La decisión del fiscal general español de ordenar la apertura de una investigación sobre un posible genocidio en Gaza responde a la gravedad de los hechos denunciados, pero plantea dudas sobre su viabilidad jurídica real. No se trata de estar a favor o en contra, sino de lo que se puede o no se puede hacer, porque las instituciones judiciales deben regirse por la legalidad, no en función de una estrategia política. Que conste que, particularmente, puedo estar a favor y no haría ascos a que se investigara. Pero mi opinión no tiene por qué estar basada en lo que la legislación permite, sino en algo mucho más sencillo: mi asqueo y repugnancia por la situación a la que se ha llegado. El derecho penal internacional requiere una base de competencia clara: conexión con víctimas españolas, aplicación del principio de jurisdicción universal o incorporación expresa en la legislación nacional. Sin embargo, la experiencia muestra que estas investigaciones terminan a menudo archivadas por falta de pruebas directas, obstáculos diplomáticos o colisión con investigaciones de tribunales internacionales. Por tanto, se corre el riesgo de un movimiento más simbólico que eficaz.

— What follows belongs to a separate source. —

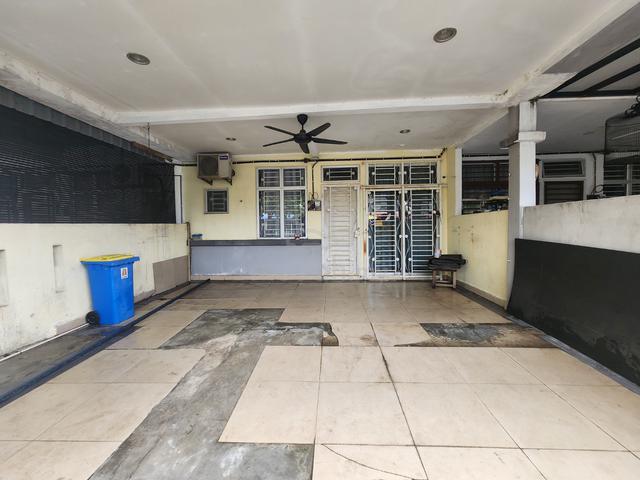 Renovate Teres Setingkat Bandar Saujana Putra SP7 Berbaloi 🔥🔥 1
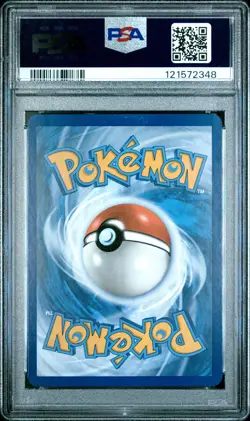 2024 POKEMON PAF EN-PALDEAN FATES #232 MEW ex PSA 10 - Image 2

El carácter simbólico no es en sí negativo, porque sirve para enviar un mensaje de compromiso con los derechos humanos, pero si no va acompañado de resultados procesales consistentes, puede degenerar en una acción percibida como política o mediática. En ese sentido, la figura de la fiscal Dolores Delgado, con una trayectoria pública muy marcada y discutida, introduce un elemento adicional de sospecha sobre la independencia de la iniciativa, lo que alimenta la crítica de que se trata más de un gesto de política exterior que de un acto de estricta justicia penal. No olvidemos que Delgado, ministra de Justicia de Pedro Sánchez entre 2018 y 2020 y fiscal general del Estado entre 2020 y 2022, dejó su cargo a Álvaro García Ortiz, quien ahora la recupera para este menester al ser fiscal de Sala en materia de Derechos Humanos y Memoria Democrática. Se parece mucho a un reparto de papeles entre personas de un mismo color político en función de las necesidades del Gobierno.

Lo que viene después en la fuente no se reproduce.